Early women pioneers
Lady Ada Lovelace was the first known female coder. While her brother Lord Byron was fighting wars and writing poetry, Lady Lovelace wrote an algorithm for Charles Babbage’s Analytical Engine in 1843; the model is on display at the Computer History Museum.
Using symbolic logic learned in her philosophy courses at Wellesley, Mary Allen Wilkes was an early coder at MIT. When state law mandated that Elsie Shutt give up her computing job after giving birth, Elsie founded a “work-from-home” computer company for women with childcare responsibilities, training her female coders after hours on rented computers.
In these days, the men did the early hardware engineering and women were the coders. Women like Hedy Lamarr, Jean Bartik, Rear Admiral Grace Hopper are among the illustrious coding pioneers. From World War II until the 70’s women made up a significant percentage of computer programmers. This changed with the advent of personal computers in U.S. homes in the 70’s, when parents were more likely to buy a PC for their sons — who were twice as likely to receive one. Thus, by the late 1980’s, men were dominating both the hard and soft sides of computer technology, entering college with a leg-up in coding. Popular culture re-enforced this phenomenon by featuring young white men at keyboards. The storied 150-year history of women in computing went dark, depriving women, especially women of color, of a treasure-trove of heroes to admire and follow into the modern Silicon Age.
Women can lead once again
It is time to re-right this ship. Broadcom Foundation is teaming up with the Raspberry Pi Foundation to help women gain equal footing in computer technology and software design through early engagement in coding. The Foundation is taking the following steps to help girls become confident coders before they enter high school and college:
1. Collaborate with Raspberry Pi Foundation to establish Code Clubs, especially in under-resourced communities where kids of all color and first-generation can get a handle on coding at an early age in a safe, non-judgmental environment. Raspberry Pi resources are free to all.
2. Team up boys and girls when they are introduced to coding to avoid the trap that sex defines aptitude, a myth long-disabused by history and science. Working in groups helps boys and girls learn to communicate and problem-solve together, tapping into each other’s creative ideas and learning from their collective mistakes that help build a solid foundation for confident collaboration in the workplace. Hackathons and meetups provide a wonderful way to expand team-building skills once they get the hang of coding.
3. Work with Science Buddies and other STEM learning resource nonprofits to open the portals to an array of careers that yield coding skills.

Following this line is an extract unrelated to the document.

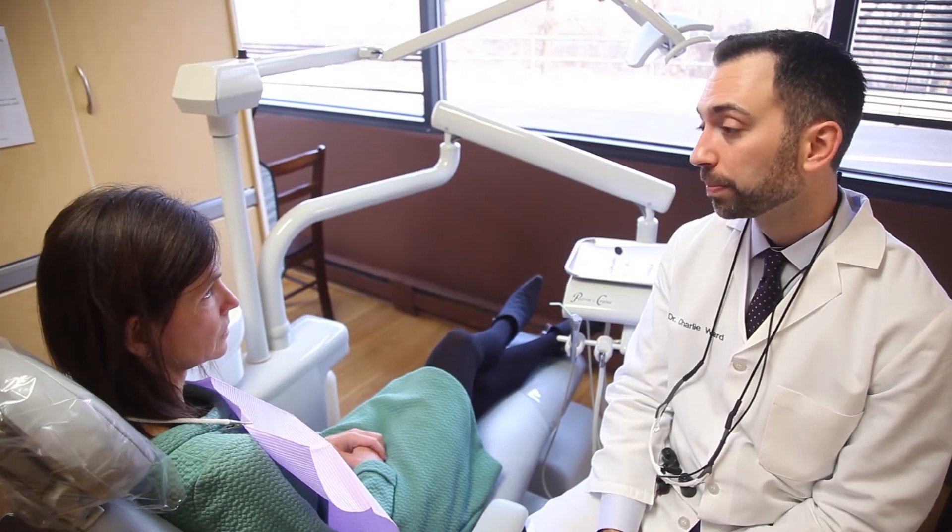So if we can place two or four implants on the lower arch, we can maintain that bone and really provide a very stable base for a lower denture.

4. Build Wikipedia content to include coders “who look like me” with unsung STEM women heroes through WikiEdy.org.
Next to “Hidden Figures,” my favorite movie is “The Martian” where a female computer engineer teams with a young Black physicist to calculate her spaceship’s return to save the stranded astronaut from certain death on the Red Planet. These fictional heroes represent our robust future workforce if everyone joins Broadcom Foundation in introducing all young people — especially women — to the fun and excitement of coding at an early age.